Congrats! I still remember my first one. Did the last 10 miles mostly standing, as my backside hurt too much. Keep at it.


----------



## antonlove (Sep 30, 2009)

Congrats!!! Well done.


----------



## srkerd (Jun 6, 2011)

Congrats on the century. I just did my first century couple weeks ago. First day was 103 miles second day 75 miles with quite a bit of climbing, more then I expected but it was a very nicely organized ride. 

I agree on the backside pain, I had to finish the second day standing for the last 10-15 miles... 

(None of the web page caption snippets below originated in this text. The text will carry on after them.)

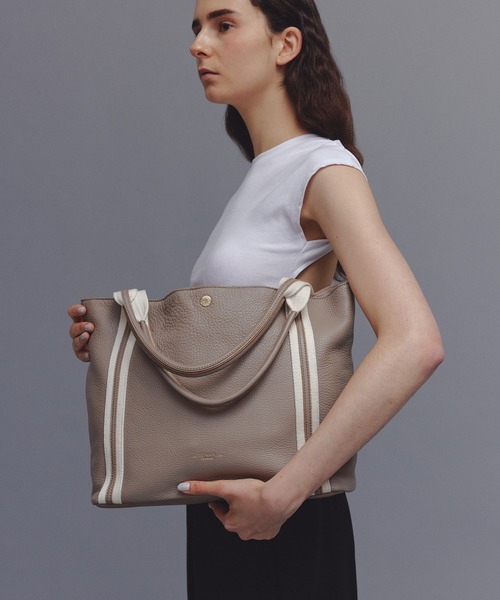 TREASURE TOPKAPI（トレジャートプカピ）の「【TREASURE TOPKAPI/トプカピ トレジャー】  ソフトシュリンク テープコンビ  トート バッグ  レディース A4（トートバッグ・レディース・ホワイト/グレイッシュベージュ/イエロー/ブラウン/ブラック/シルバー/グリーン/ライトベージュ・FREE）」の14枚目の写真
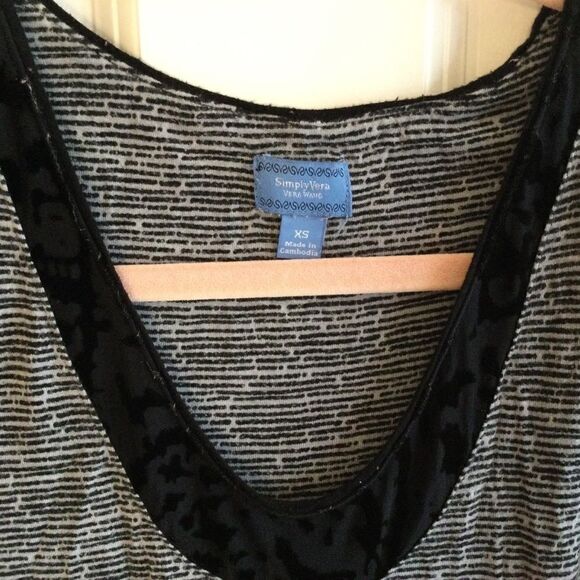 Vera Wang Women’s XS Oversized Black Tunic Top - Picture 5 of 8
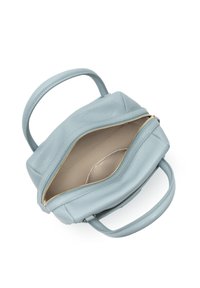 Borsa a mano in pelle di un blu chiaro, con chiusura a zip, forma arrotondata, doppi manici e una texture liscia. L'interno presenta una fodera beige.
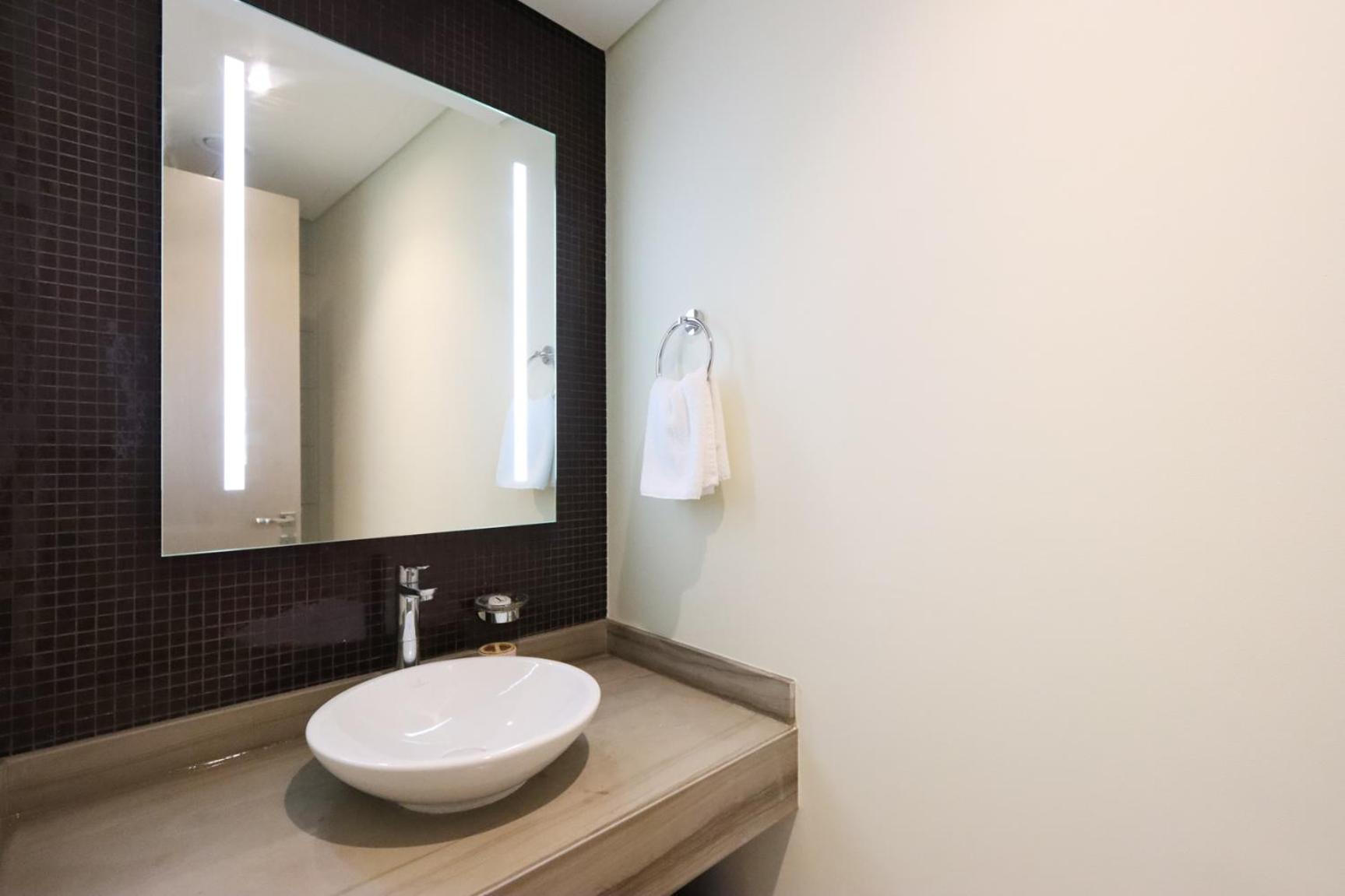 2br Oasis In Damac Towers By Livbnb * Dubai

www mapmyride com/routes/view/17977126
www mapmyride com/routes/view/43550608


----------



## cyclesport45 (Dec 10, 2007)

Welcome to the, "I did it!" club!


----------



## Scriv (Sep 26, 2011)

*Congratulations!*

Well done! A noble accomplishment. Thanks for sharing and serving to motivate those of us in the "gonna do it" ranks. d:thumbsup:


----------



## antonlove (Sep 30, 2009)

Congrats, srkerd. You not only did the century, but followed up with a 75 mile ride the following day. Was that an MS Ride?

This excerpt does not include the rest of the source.